* [REQUIRED WORK] Once you reach the line with "A modern kitchen" below, copy each line exactly, stopping after the line with "Étiquette RFID UHF", and skip any pictures.

----- DATASET EXTRACT

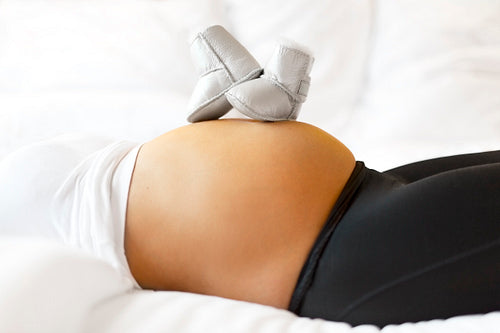 Pregnant woman in bed with baby shoes on her belly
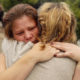 Photo of grieving Bledoe sisters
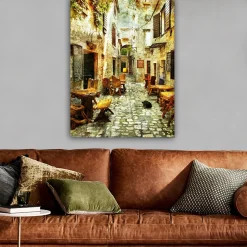 Lerretsbilde 70x100 cm - Pittoresk smug med trebord og stoler, omgitt av gamle steinhus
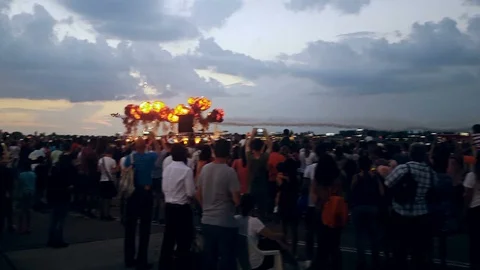 Four plane formation passing through pyrotechnic display in front of crowd Stock Footage 96215281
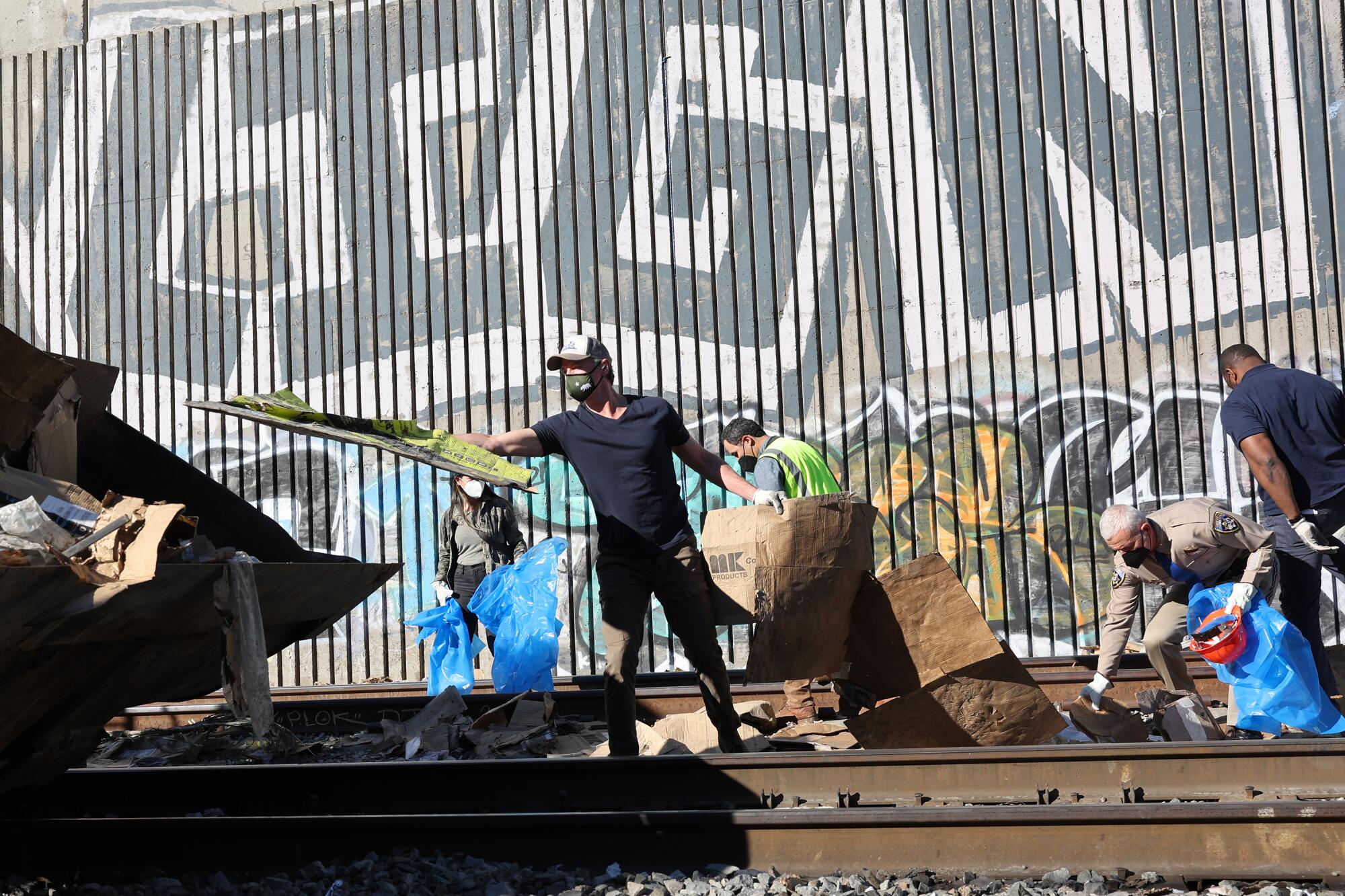Gov. Gavin Newsom helps clean debris from train tracks where cargo cars were looted in Lincoln Heights.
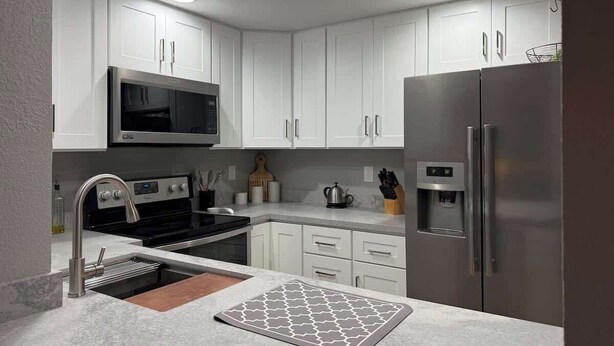 A modern kitchen with white cabinets, stainless steel appliances, a microwave, oven, sink, and a refrigerator. - Modern Blue Marina 2 bed 2 bath garage whole home (Modesto)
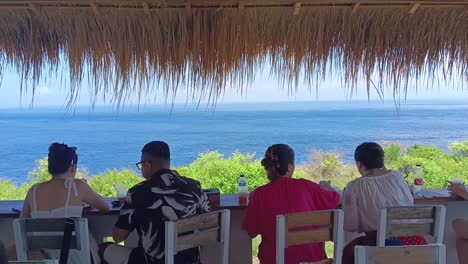 A-number-of-Visitors-are-eating-at-restaurant-on-the-edge-of-Crystal-Bay-beach,-Nusa-Penida-Island,-Bali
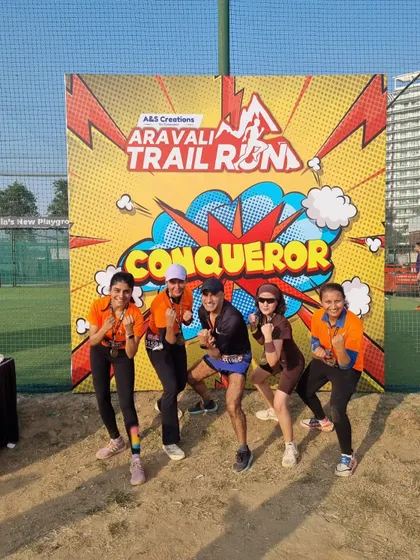 The tribe celebrating their conquest of the Aravali Trail Run. We are a team of conquerors.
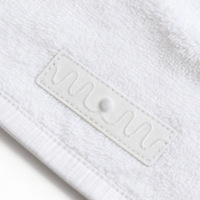 Étiquette RFID UHF lavable 860-960 MHz longue portée pour le suivi des textiles, du linge et des vêtements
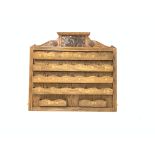 Early 20th century oak wall mounted correspondence rack carved with the Yorkshire regiment crest,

----------

* [OUTPUT FOR THIS TASK]
 A modern kitchen with white cabinets, stainless steel appliances, a microwave, oven, sink, and a refrigerator. - Modern Blue Marina 2 bed 2 bath garage whole home (Modesto)
 A-number-of-Visitors-are-eating-at-restaurant-on-the-edge-of-Crystal-Bay-beach,-Nusa-Penida-Island,-Bali
 The tribe celebrating their conquest of the Aravali Trail Run. We are a team of conquerors.
 Étiquette RFID UHF lavable 860-960 MHz longue portée pour le suivi des textiles, du linge et des vêtements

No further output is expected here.